Issue: There are several important debates happening in higher education at this point in history, but none is concerned with how we best go about producing, financing and distributing better quality instructional content. 

Social and/or Content

Content is at the root of much of what defines a university. These institutions produce, accumulate and distribute information. Faculty members are hired and rewarded on the basis of their subject matter knowledge.

The institutions go to great lengths to promote their capacity to generate new information, which is then passed on to students who come to these institutions to sit in lecture halls – clearly designed to facilitate the broadcast of this information.

Today, content is regularly contrasted with concepts such as “collaborative”, “interactive”, and most regularly  “social” – as in “all learning is social”. In deliberate contrast, content is labeled as one-way communication; a passive, isolated learning experience.

Obviously, learning is social. But the simplistic distinction made between content and social aspects of learning is both misleading and counter-productive.

First, people do learn in isolation. A book, maybe the most common of all types of content, is static and one-way. It is also a powerful way to learn for many people.

But then the act of reading is not actually an isolated, asocial experience, is it? Reading is powerfully influenced by social factors. The reader’s choice of books, the motivation to read the book in first instance, how they interpret the book, and what they ultimately do with the book’s information are all shaped by social conditions. Reading – and other forms of content – are not isolated at all.

Second, the definition of content regularly used to dismiss it is far too narrow. Content should include any material from which people can learn. It includes not only what gets broadcast or written by academics or textbook publishers, but also the content that is generated by students – in response to content and in response to other learners. It’s interesting that professionals in other sectors, such as marketing, include user interactions as part of the total content mix, but higher ed tends to draw a sharper line between the content created by the expert (academic) and the end-user (student). Not surprising, I suppose – given the relatively top-down structure of the institution.

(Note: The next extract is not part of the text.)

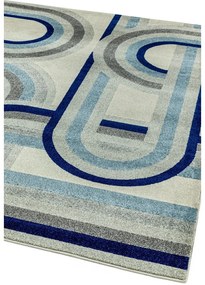 Сиво-син килим 160x230 cm Nova Retro Blue – Asiatic Carpets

Education is not alone with this current emphasis on “all things social”. In business, professionals are told by management gurus to increase productivity by organising people into teams, for example. While there’s no doubt value in this approach, it’s driven by intellectual fashion as much as it is by actual evidence of its’ value. (For a humorous take on this trend, watch author Susan Cain’s TED talk, during which she calls for a break from the relentless emphasis on teamwork and a recognition of the value of isolated, contemplative work.) “Stop the madness for constant teamwork. Just stop it!”

I suspect that there is a political component to the rejection in higher education of the value of content. When the importance of quality content is rejected it is not merely in terms of how it is or isn’t important to learning, but also  – and with the greatest intensity, I’ll argue  – in terms of the academic’s role and responsibilities. Academics contend that they are not merely content-holders, “shovelling content”. Rather, their focus is designing and facilitating a learning process – this is what makes them and universities so valuable. (To witness this discourse in action, read most any article on higher ed teaching and the comments from readers that follow.) From a tactical perspective, the academic community’s distancing itself from content is understandable. To be defined in 2012 as someone that distributes knowledge is akin to holding up a sign that reads, “Soon To Be Obsolete”. The vast majority of the information distributed within our institutions at the undergraduate level is readily available from other sources. As so succinctly captured in Good Will Hunting, “You spent $150,000 on an education you coulda got from a buck-fifty in late fees at the local library”. (Now, via free online learning). But it also bears mentioning that these same faculty that are now stressing the social aspects of higher education are not formally trained for crafting these social learning experiences, nor is this the function on which their credibility in the profession is typically based (i.e. research productivity).

The third (and possibly most irritating misinterpretation of content) is simply a result of limited imagination. Great digital content need not be one-way, passivity-inducing or isolated in the least. There is no reason to believe that technology and digital media won’t soon provide a rich, truly interactive, experiential and dynamic style of learning. I continue to be stunned by people that describe digital learning in terms of the pushing of static content over the web, as if this is the limits of what is possible. That the greater potential of digital learning isn’t obvious as of 2012 is, itself, a by-product of the fact that higher education has managed to suppress significant improvements in digital learning by refusing to focus on student outcomes; by only incorporating those aspects of technology and digital media that fit within its traditional institutional model – designed for classroom education and scarcity of information. A focus on student outcomes will drive the expansion of new ways of learning that will require that the institution fundamentally change how it operates. Brilliant educational media on par with flight or surgery simulations, for example, can’t currently be built within our academic institutions due to a lack of talent, funds and incentives.